━━━ PROVIDED MATERIAL ━━━

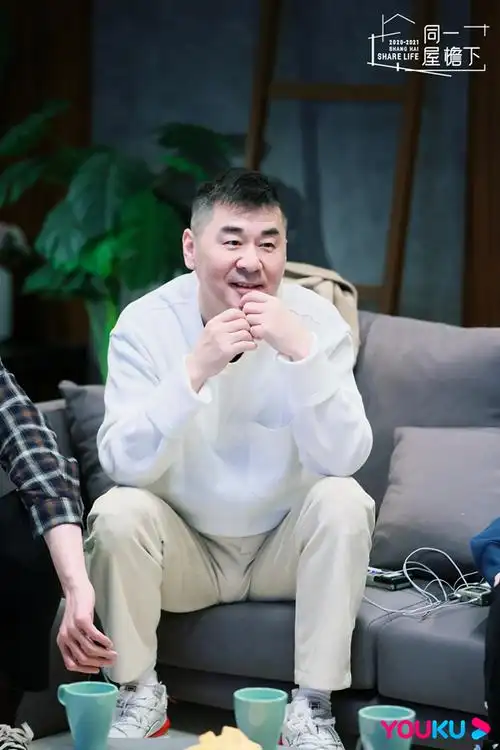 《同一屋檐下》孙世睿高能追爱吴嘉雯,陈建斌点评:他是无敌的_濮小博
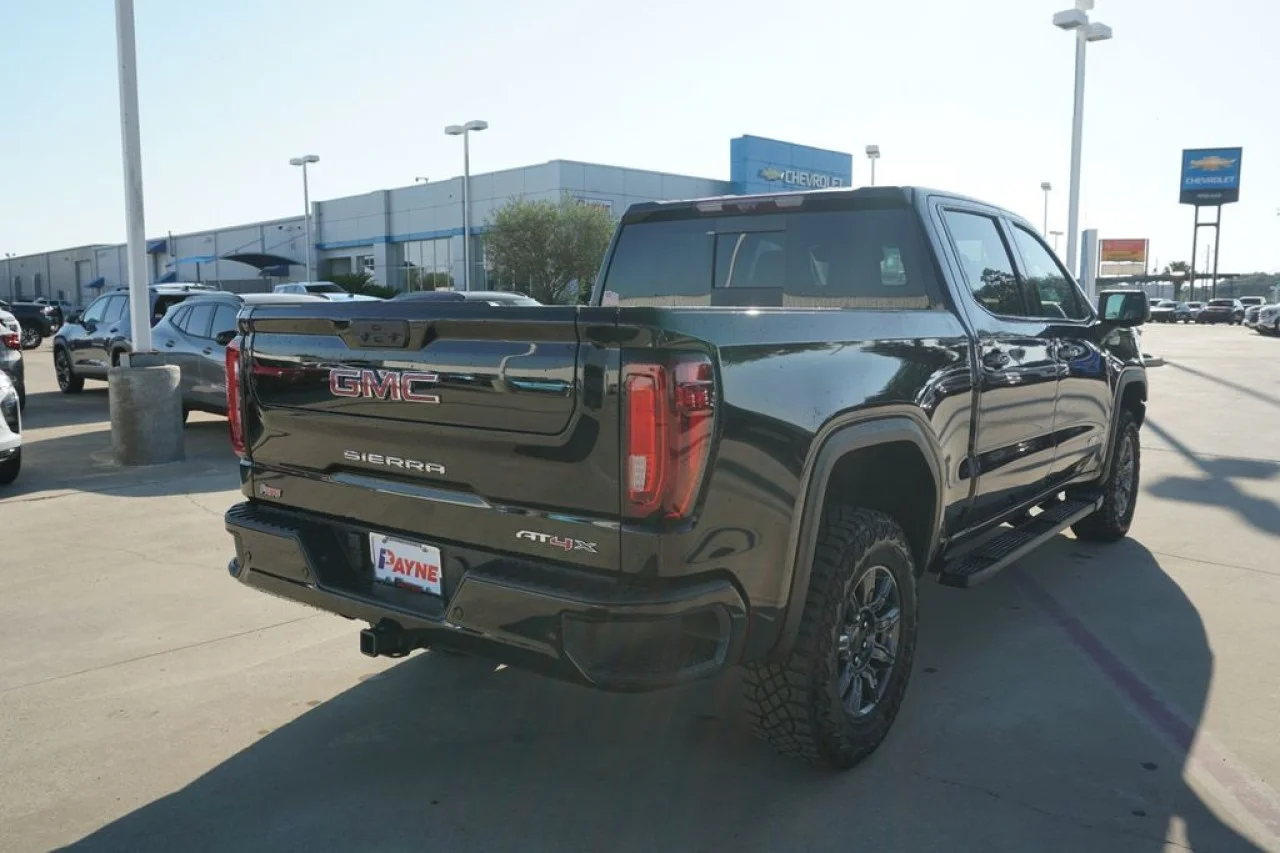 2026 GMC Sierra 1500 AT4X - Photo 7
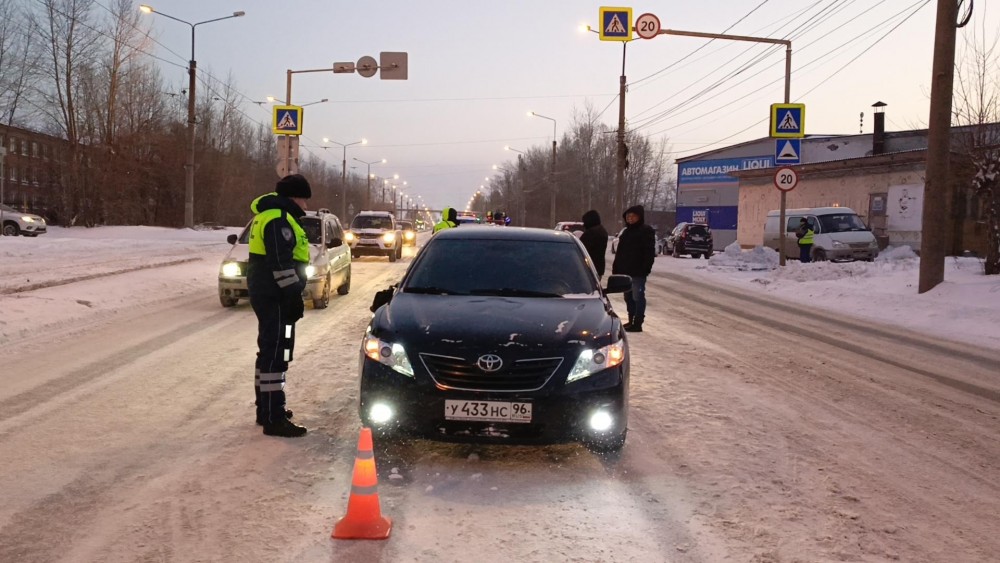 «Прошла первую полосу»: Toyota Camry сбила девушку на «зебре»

━━━

_WHAT TO PRODUCE_. Only the pictures in the listing above get left out; print everything else exactly.

_ANSWER BELOW_.
 《同一屋檐下》孙世睿高能追爱吴嘉雯,陈建斌点评:他是无敌的_濮小博
 2026 GMC Sierra 1500 AT4X - Photo 7
 «Прошла первую полосу»: Toyota Camry сбила девушку на «зебре»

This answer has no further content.